=== Given data ===
##############################
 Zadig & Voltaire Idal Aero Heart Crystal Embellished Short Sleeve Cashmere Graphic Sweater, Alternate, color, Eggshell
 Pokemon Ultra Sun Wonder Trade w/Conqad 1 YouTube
##############################
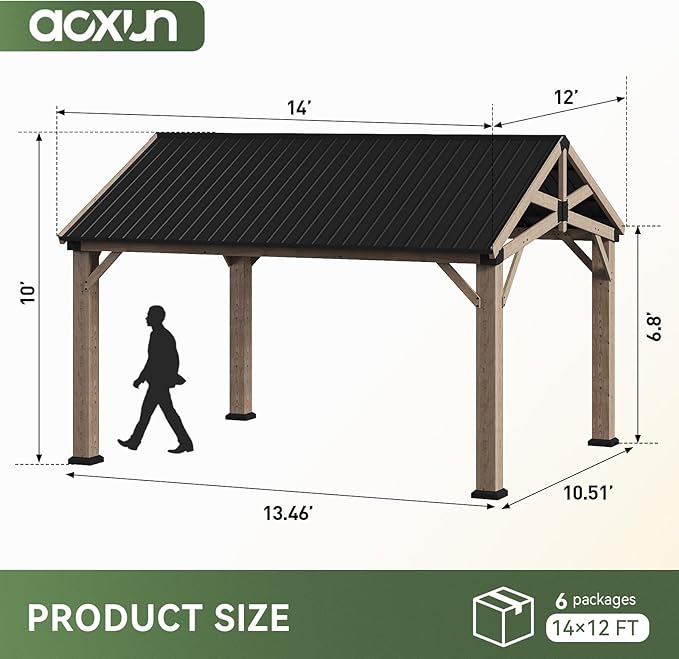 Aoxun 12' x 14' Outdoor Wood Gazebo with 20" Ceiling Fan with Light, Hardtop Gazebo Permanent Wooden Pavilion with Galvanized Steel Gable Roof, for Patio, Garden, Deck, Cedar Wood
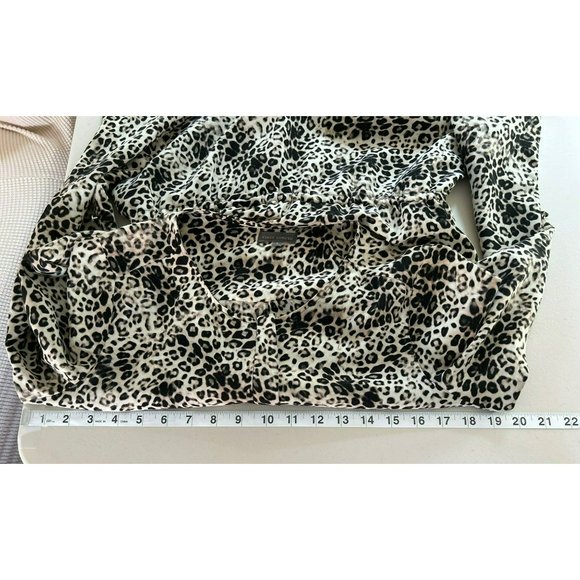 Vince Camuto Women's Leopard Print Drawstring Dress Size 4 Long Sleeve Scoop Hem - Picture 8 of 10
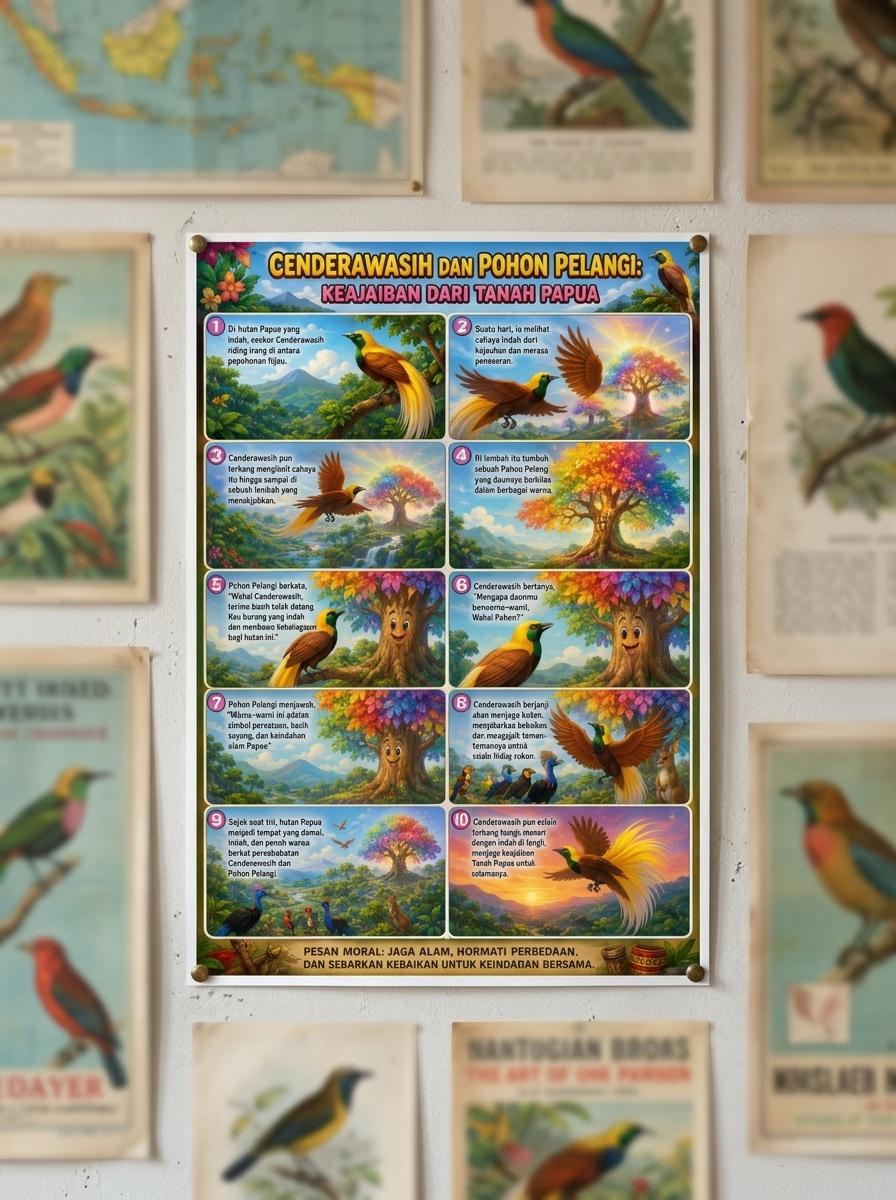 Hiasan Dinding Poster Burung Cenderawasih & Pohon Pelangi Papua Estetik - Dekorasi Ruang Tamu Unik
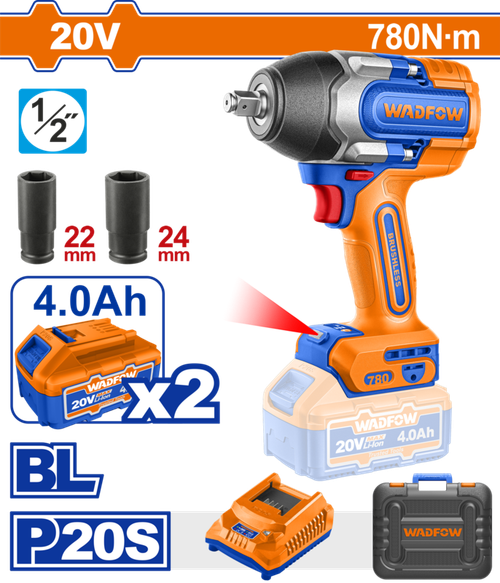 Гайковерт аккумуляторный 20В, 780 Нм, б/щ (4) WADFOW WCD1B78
##############################
=== Directions ===
With pictures omitted, repeat the entries above word for word from the line holding "Aoxun 12' x" down to the line holding "Гайковерт аккумуляторный 20В, 780", keeping both of those lines.

=== Task answer ===
 Aoxun 12' x 14' Outdoor Wood Gazebo with 20" Ceiling Fan with Light, Hardtop Gazebo Permanent Wooden Pavilion with Galvanized Steel Gable Roof, for Patio, Garden, Deck, Cedar Wood
 Vince Camuto Women's Leopard Print Drawstring Dress Size 4 Long Sleeve Scoop Hem - Picture 8 of 10
 Hiasan Dinding Poster Burung Cenderawasih & Pohon Pelangi Papua Estetik - Dekorasi Ruang Tamu Unik
 Гайковерт аккумуляторный 20В, 780 Нм, б/щ (4) WADFOW WCD1B78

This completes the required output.